Re: [PATCH kernel v10 06/34] vfio: powerpc/spapr: Move page pinning from arch code to VFIO IOMMU driver

From: Alexey Kardashevskiy
Date: Wed May 13 2015 - 02:32:55 EST


On 05/13/2015 03:58 PM, Gavin Shan wrote:
On Tue, May 12, 2015 at 01:38:55AM +1000, Alexey Kardashevskiy wrote:
This moves page pinning (get_user_pages_fast()/put_page()) code out of
the platform IOMMU code and puts it to VFIO IOMMU driver where it belongs
to as the platform code does not deal with page pinning.

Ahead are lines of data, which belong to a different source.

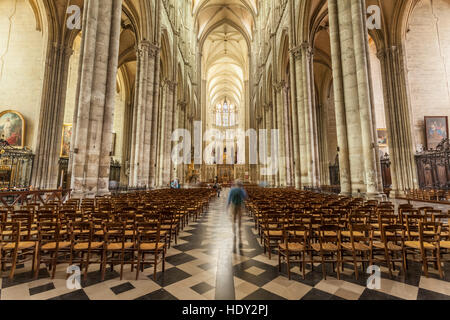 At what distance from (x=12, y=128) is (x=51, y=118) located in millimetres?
2823

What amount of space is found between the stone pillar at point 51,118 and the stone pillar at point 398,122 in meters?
25.0

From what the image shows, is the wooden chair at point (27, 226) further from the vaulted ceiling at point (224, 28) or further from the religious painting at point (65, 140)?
the vaulted ceiling at point (224, 28)

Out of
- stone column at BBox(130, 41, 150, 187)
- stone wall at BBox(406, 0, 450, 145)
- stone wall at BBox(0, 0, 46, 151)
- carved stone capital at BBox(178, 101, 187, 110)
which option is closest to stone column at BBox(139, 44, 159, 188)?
stone column at BBox(130, 41, 150, 187)

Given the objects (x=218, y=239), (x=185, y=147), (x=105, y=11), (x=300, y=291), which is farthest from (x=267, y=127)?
(x=300, y=291)

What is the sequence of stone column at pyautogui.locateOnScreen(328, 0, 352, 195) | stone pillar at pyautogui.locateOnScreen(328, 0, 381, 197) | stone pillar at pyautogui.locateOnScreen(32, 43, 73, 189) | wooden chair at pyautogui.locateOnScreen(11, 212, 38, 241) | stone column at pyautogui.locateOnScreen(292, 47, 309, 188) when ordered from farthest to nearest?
stone column at pyautogui.locateOnScreen(292, 47, 309, 188), stone pillar at pyautogui.locateOnScreen(32, 43, 73, 189), stone column at pyautogui.locateOnScreen(328, 0, 352, 195), stone pillar at pyautogui.locateOnScreen(328, 0, 381, 197), wooden chair at pyautogui.locateOnScreen(11, 212, 38, 241)

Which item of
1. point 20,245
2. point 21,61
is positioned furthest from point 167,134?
point 20,245

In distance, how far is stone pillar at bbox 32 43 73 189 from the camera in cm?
1509

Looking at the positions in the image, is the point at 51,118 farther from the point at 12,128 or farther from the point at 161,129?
the point at 161,129

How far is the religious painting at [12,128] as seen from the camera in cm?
1549

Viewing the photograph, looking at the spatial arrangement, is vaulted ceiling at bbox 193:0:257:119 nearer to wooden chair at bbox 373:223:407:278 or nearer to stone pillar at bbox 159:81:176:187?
stone pillar at bbox 159:81:176:187

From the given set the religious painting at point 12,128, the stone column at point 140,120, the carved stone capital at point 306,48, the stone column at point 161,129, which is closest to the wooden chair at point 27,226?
the stone column at point 140,120

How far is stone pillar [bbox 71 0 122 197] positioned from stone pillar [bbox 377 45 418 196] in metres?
18.8

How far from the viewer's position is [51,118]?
1581 centimetres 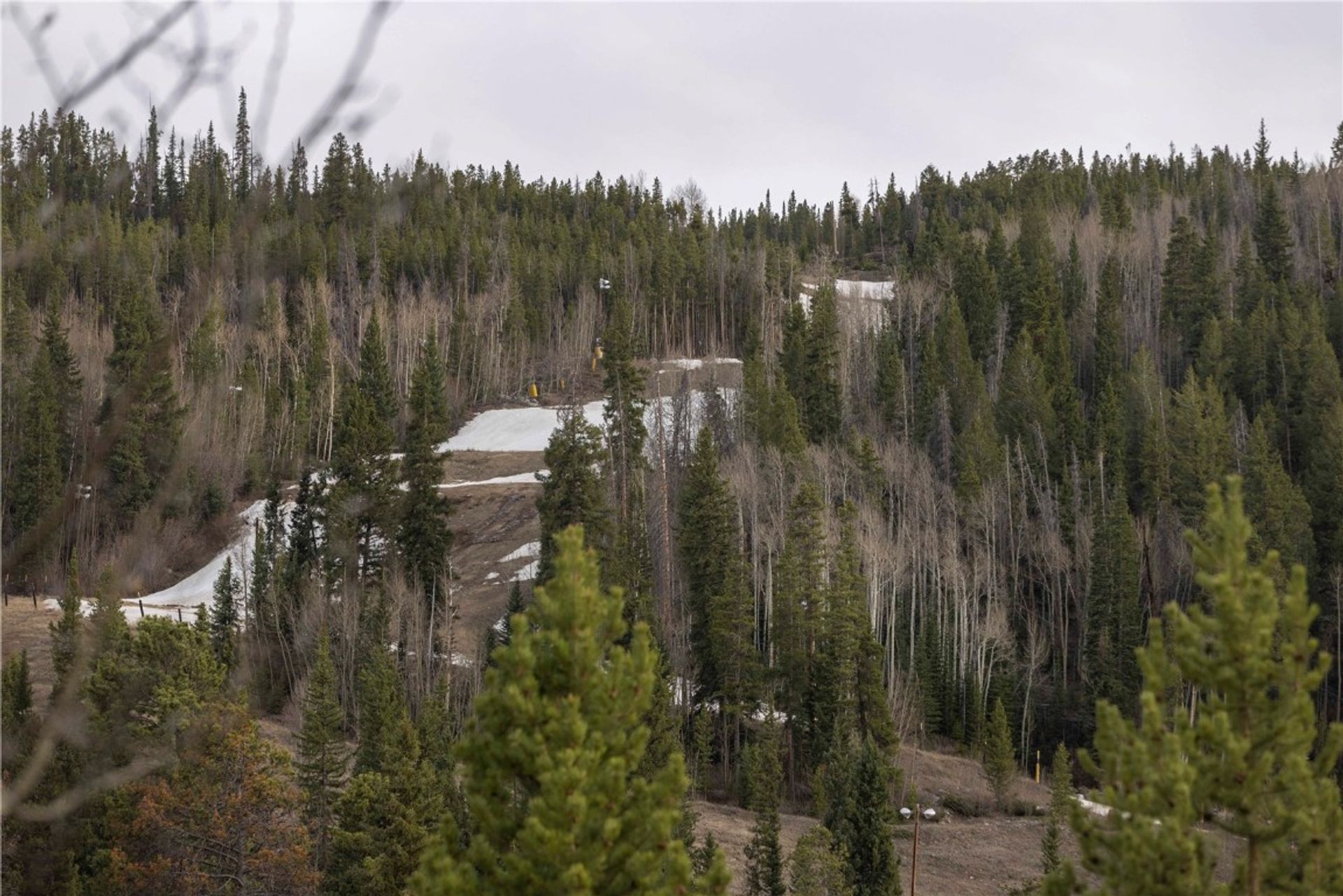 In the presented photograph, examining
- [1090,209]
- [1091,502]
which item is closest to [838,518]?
[1091,502]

This makes iommu_take_ownership()/iommu_release_ownership() deal with
the IOMMU table bitmap only.

This removes page unpinning from iommu_take_ownership() as the actual
TCE table might contain garbage and doing put_page() on it is undefined
behaviour.

Besides the last part, the rest of the patch is mechanical.

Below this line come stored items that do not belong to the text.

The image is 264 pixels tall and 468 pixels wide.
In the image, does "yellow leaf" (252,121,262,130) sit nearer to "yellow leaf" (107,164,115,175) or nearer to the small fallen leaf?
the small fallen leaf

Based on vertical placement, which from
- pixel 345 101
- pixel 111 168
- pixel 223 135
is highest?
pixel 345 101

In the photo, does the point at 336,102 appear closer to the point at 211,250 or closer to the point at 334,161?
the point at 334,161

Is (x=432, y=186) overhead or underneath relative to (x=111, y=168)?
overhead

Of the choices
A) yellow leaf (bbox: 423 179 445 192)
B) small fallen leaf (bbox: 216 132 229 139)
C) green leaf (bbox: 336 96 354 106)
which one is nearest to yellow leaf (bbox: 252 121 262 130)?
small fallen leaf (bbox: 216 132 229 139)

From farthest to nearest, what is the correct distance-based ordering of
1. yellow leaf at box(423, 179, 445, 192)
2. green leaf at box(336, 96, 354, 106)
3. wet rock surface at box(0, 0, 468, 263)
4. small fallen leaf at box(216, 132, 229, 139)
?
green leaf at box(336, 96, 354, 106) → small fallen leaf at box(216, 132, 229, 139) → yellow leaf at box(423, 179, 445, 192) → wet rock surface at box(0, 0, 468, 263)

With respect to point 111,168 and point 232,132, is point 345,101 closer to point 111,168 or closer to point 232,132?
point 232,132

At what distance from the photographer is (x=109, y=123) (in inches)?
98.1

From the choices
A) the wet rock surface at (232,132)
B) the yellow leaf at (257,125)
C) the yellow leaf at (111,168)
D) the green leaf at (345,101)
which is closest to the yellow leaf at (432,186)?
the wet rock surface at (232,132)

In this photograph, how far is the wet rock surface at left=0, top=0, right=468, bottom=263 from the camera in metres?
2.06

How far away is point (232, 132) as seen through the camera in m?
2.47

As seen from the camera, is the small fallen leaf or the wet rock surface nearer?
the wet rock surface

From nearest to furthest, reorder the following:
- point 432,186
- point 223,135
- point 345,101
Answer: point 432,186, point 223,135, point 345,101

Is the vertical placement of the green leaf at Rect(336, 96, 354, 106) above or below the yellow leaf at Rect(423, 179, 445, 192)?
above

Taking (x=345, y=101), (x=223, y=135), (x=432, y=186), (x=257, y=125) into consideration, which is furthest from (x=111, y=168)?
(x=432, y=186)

Signed-off-by: Alexey Kardashevskiy <aik@xxxxxxxxx>
[aw: for the vfio related changes]
Acked-by: Alex Williamson <alex.williamson@xxxxxxxxxx>
Reviewed-by: David Gibson <david@xxxxxxxxxxxxxxxxxxxxx>

Reviewed-by: Gavin Shan <gwshan@xxxxxxxxxxxxxxxxxx>

---
Changes:
v9:
* added missing tce_iommu_clear call after iommu_release_ownership()
* brought @offset (a local variable) back to make patch even more
mechanical

v4:
* s/iommu_tce_build(tbl, entry + 1/iommu_tce_build(tbl, entry + i/
---
arch/powerpc/include/asm/iommu.h | 4 --
arch/powerpc/kernel/iommu.c | 55 -------------------------
drivers/vfio/vfio_iommu_spapr_tce.c | 80 +++++++++++++++++++++++++++++++------
3 files changed, 67 insertions(+), 72 deletions(-)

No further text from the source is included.